The split of horror and comedy genres reflect the generational divide between the children, and the vengeful ghost as the bitterness of the latter turns into evil. Amit Pinchevski considers “alternative perceptions” of trauma that can develop through the “witnessing of distant suffering” in “Screen Trauma: Visual Media and Post-traumatic Stress Disorder” (Pinchevski 70). Gorgeous still cannot process the cultural trauma that haunts her surroundings, so she ends up passing on violence when she confides in her step mother after the chaos, only to cause her to burst into flames. House ends with a passage of text that includes the claim that “one can live on in the hearts of others,” and that the “story of love must be told many times” to keep their memory alive (Obayashi). This call to action is directly reflected in the ending of Margaret when Lisa breaks down in a moment of emotional vulnerability with her mother and seemingly begins to enjoy an opera performance. Lisa moves on carrying a memory, but the tragedy no longer defines her. Both films deal with haunted pasts and attempts to separate oneself from tragedy, ultimately crediting acknowledgement of the tragedy and embracing familial relations with reparative power.

Different magnitudes of trauma cannot be appropriately compared or contrasted. House (1977) and Margaret (2011)obviously require different approaches because they examine different tragedies. They are stylistically distinguishable and unique within the same genre of psychological horror. Collective remembrance drifts away and warps throughout the passing down of generations, but even in the direct absence of trauma, it remains as a destabilizing force for the most detached generations. Situating the spreading of violence through young women who are encouraged to forget and ignore their trauma serves as an effective cautionary tale.

Works Cited

Holdway, Molly. “The Hysterical Woman: An Analysis of Trauma in Gothic Women’s Literature and Modern Horror Film.” Digital Commons at East Tennessee State University, East Tennessee State University, 2023, dc.etsu.edu/cgi/viewcontent.cgi?article=5719&context=etd. 

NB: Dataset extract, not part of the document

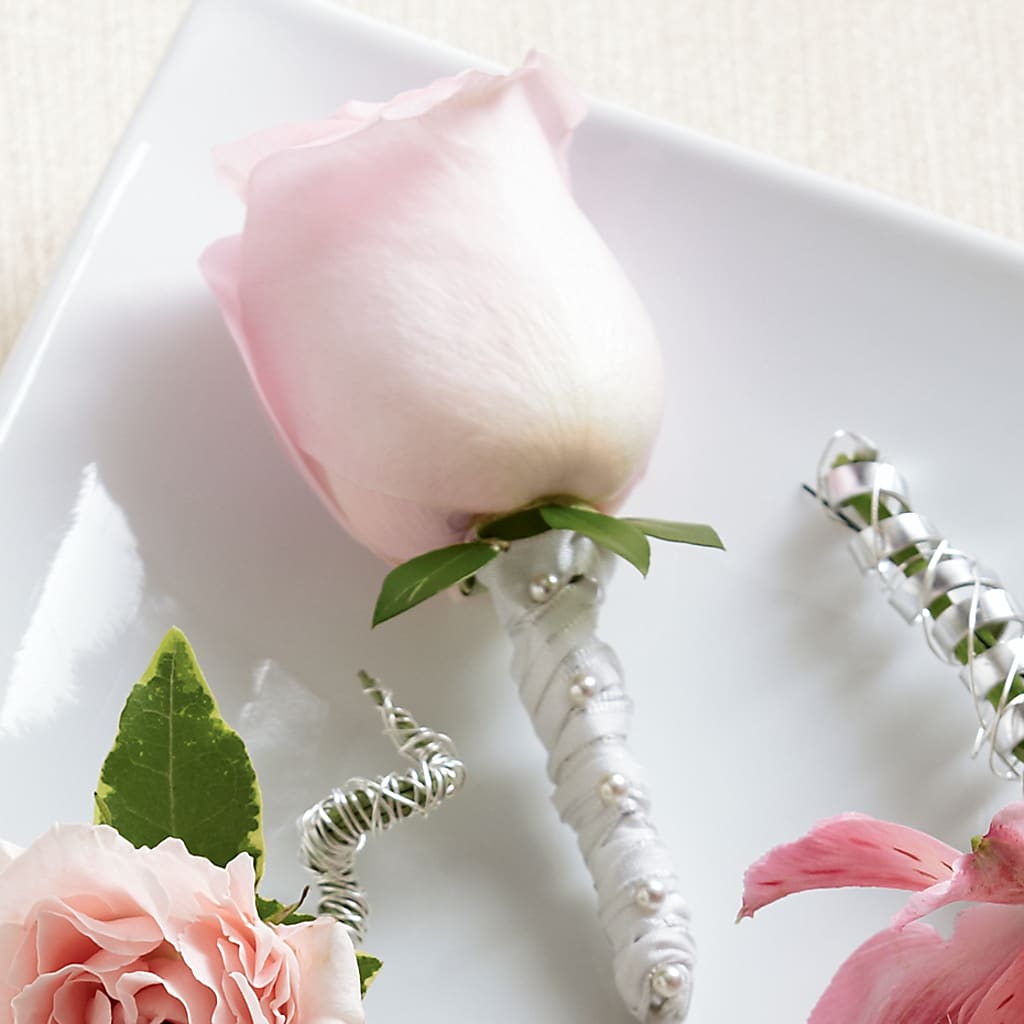 Pink Rose Boutonniere – Awesome Blossom Flowers And Gifts, Citrus Heights CA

House. Directed by Nobuhiko Obayashi, 1977.

Likki, Nandini. “The Cine-Files: Nobuhiko Obayashi’s 1977 Horror Film ‘House.’” The Miscellany News, Vassar College, 11 Nov. 2021, miscellanynews.org/2021/11/10/arts/the-cine-files-nobuhiko-obayashis-1977-horror-film-house/. 

Margaret. Directed by Kenneth Lonergan, 2011. 

Marriott, India. “Exploring the Evolution of the Horror Genre.” The Gale Review, Gale International, 2 Feb. 2023, review.gale.com/2023/02/02/the-evolution-of-the-horror-genre/.